Neglected students
Thanks are due to Syed Badrul Ahsan for speaking up, in no uncertain terms, about the plight of students in 'On dormitories and schools' (DS 4.2.09). The problem goes even wider.
I am trying to help a young student from one of the tribal minorities through university - not least by helping the sister he is living with who only has her salary from a beauty parlour. He earns a modest Tk 1,000 a month for one, early hour session at a health club, 7 days a week. I make that 33 taka an hour. No one can say he is not trying...
The finals of his bachelor's degree, at a government university, are in May and he informs me that, from now until then, he will be receiving no teaching at all! That is something only the Honours candidates will have.

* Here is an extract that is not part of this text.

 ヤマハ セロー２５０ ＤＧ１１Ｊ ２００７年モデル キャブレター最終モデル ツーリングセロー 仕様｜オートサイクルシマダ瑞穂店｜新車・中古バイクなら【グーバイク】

He has to do all his study, from the books he has bought, at home.
What is happening in the universities of this dear country? How can final year students cope with no teaching at all?

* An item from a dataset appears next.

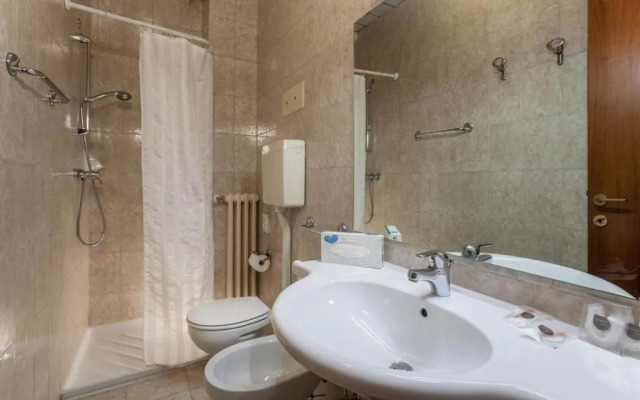 Hotel Firenze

How can society make demands on the behaviour of the students, unless it also makes demands on the behaviour of the university teachers and the authorities that pay them - as well as any outfit that is abusing them?
It is surely not surprising if some young people, rightly or wrongly, feel that, if no one cares about them - and what is being dished up to them, in the name of education - then why should they care about anyone, or anything?
This is not merely a disciplinary issue but a caring one. Parents, teachers and society have no right to discipline the young unless we make it obvious, in deeds as well as words, that we only care about their BEHAVIOUR because we care about THEM!
Once the God-given connection between love and discipline is broken, no relationship works.